TASK ITEM: Transcribe every entry word for word. Skip the pictures.

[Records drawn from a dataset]
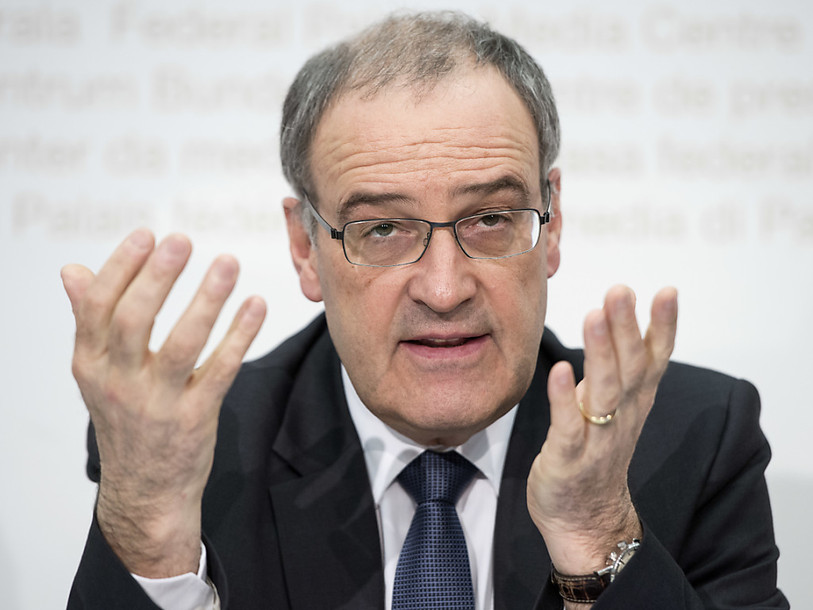 Les Suisses votent sur l'économie verte, l'AVS et le renseignement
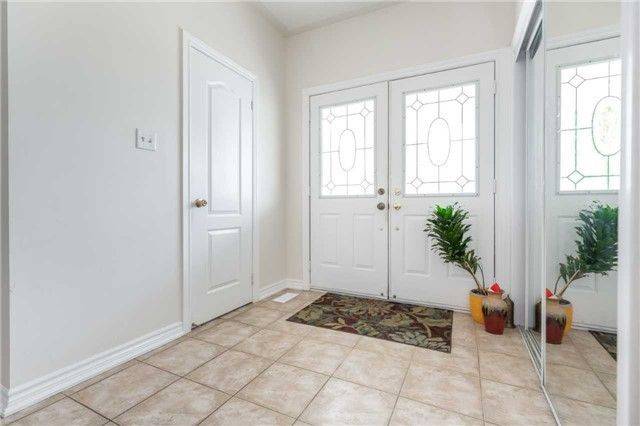 Milton, ON L9T 6T2,1074 Mccuaig DR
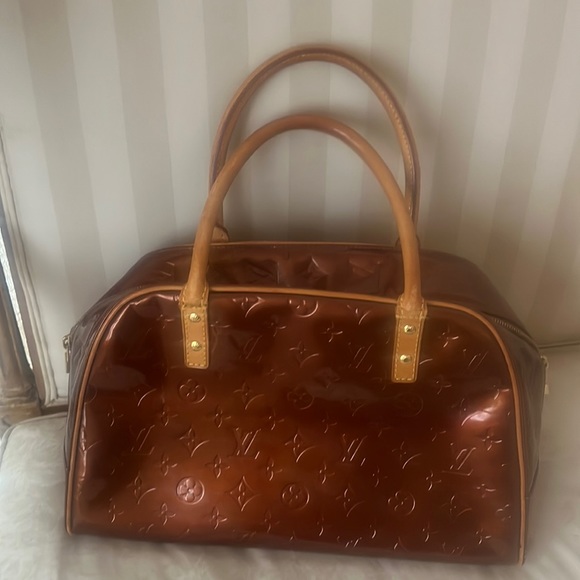 đź’Żauthentic Louis Vuitton Bronze Epi - Picture 2 of 16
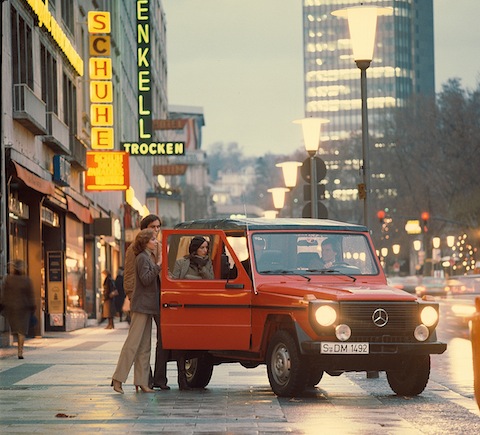 Mercedes-Benz G-Modell der Baureihe 460 in der Stadt (© Daimler AG)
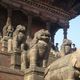 Pagoda z 1708r bogini Siddhi Lakszmi - kamienne figury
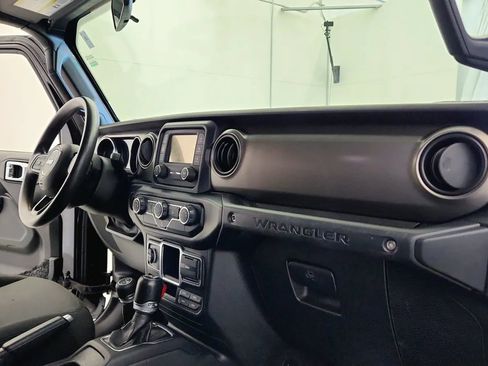 Used 2018 Jeep Wrangler Sport image 35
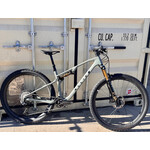 Allied Cycle Works DEMO Allied BC40, XT Di2, Fox Factory, Roval Carbon - Lunar Rock Satin w/ Solid Black Logo - MD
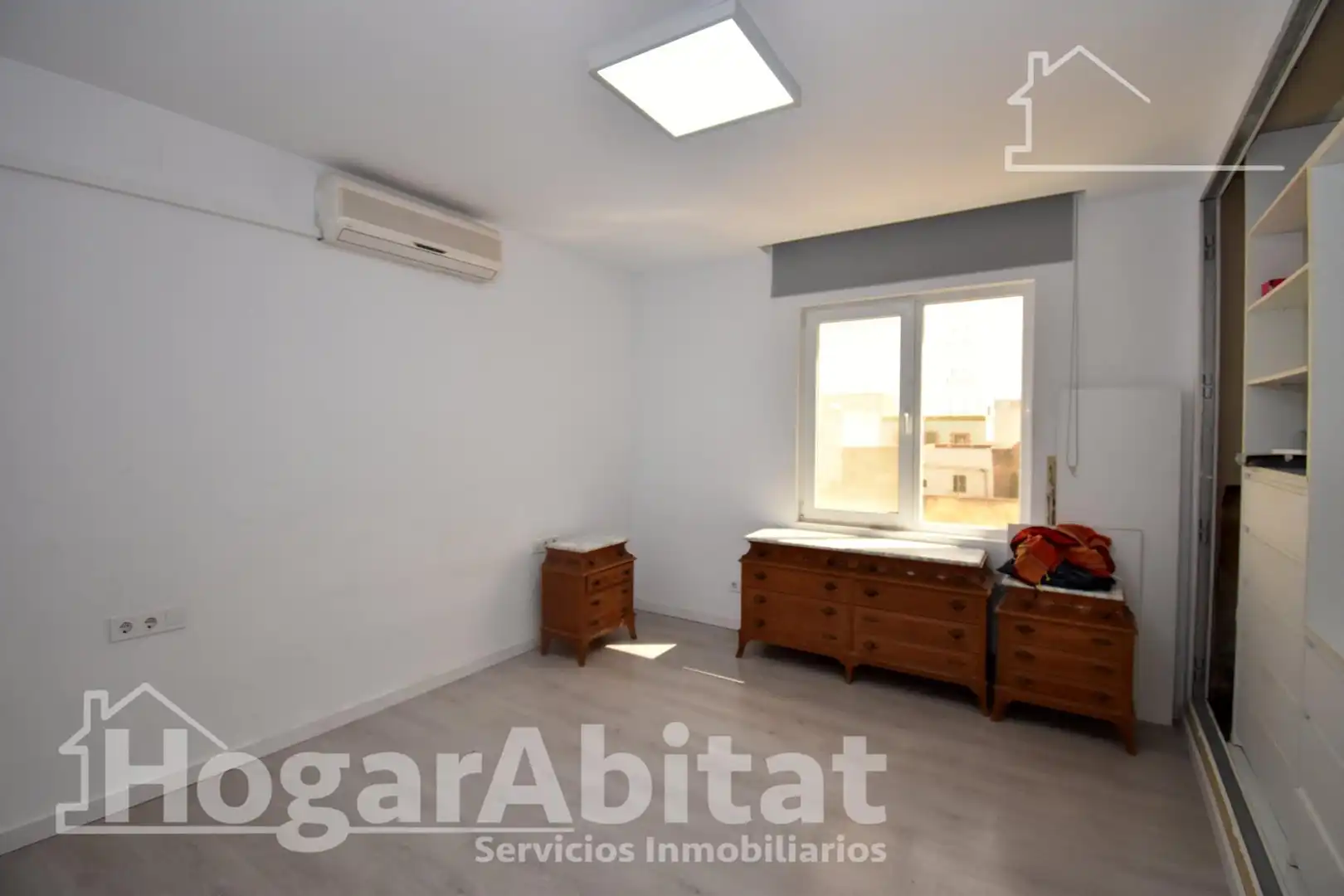 Dormitori de Pis en venda en Castellón de la Plana / Castelló de la Plana amb Aire condicionat i Terrassa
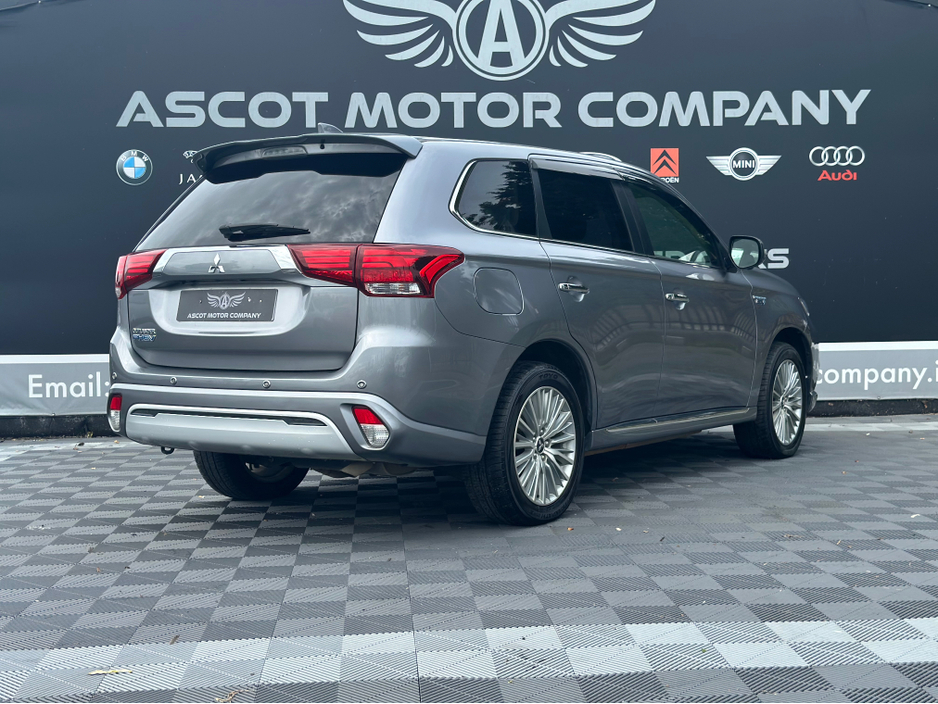 2019 Mitsubishi Outlander 4x4 auto €19,950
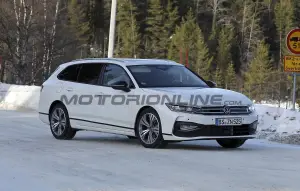 Volkswagen Passat Variant 2024 - Foto spia 16-03-2023 - 2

THE COMPLETED TASK:
 Les Suisses votent sur l'économie verte, l'AVS et le renseignement
 Milton, ON L9T 6T2,1074 Mccuaig DR
 đź’Żauthentic Louis Vuitton Bronze Epi - Picture 2 of 16
 Mercedes-Benz G-Modell der Baureihe 460 in der Stadt (© Daimler AG)
 Pagoda z 1708r bogini Siddhi Lakszmi - kamienne figury
 Used 2018 Jeep Wrangler Sport image 35
 Allied Cycle Works DEMO Allied BC40, XT Di2, Fox Factory, Roval Carbon - Lunar Rock Satin w/ Solid Black Logo - MD
 Dormitori de Pis en venda en Castellón de la Plana / Castelló de la Plana amb Aire condicionat i Terrassa
 2019 Mitsubishi Outlander 4x4 auto €19,950
 Volkswagen Passat Variant 2024 - Foto spia 16-03-2023 - 2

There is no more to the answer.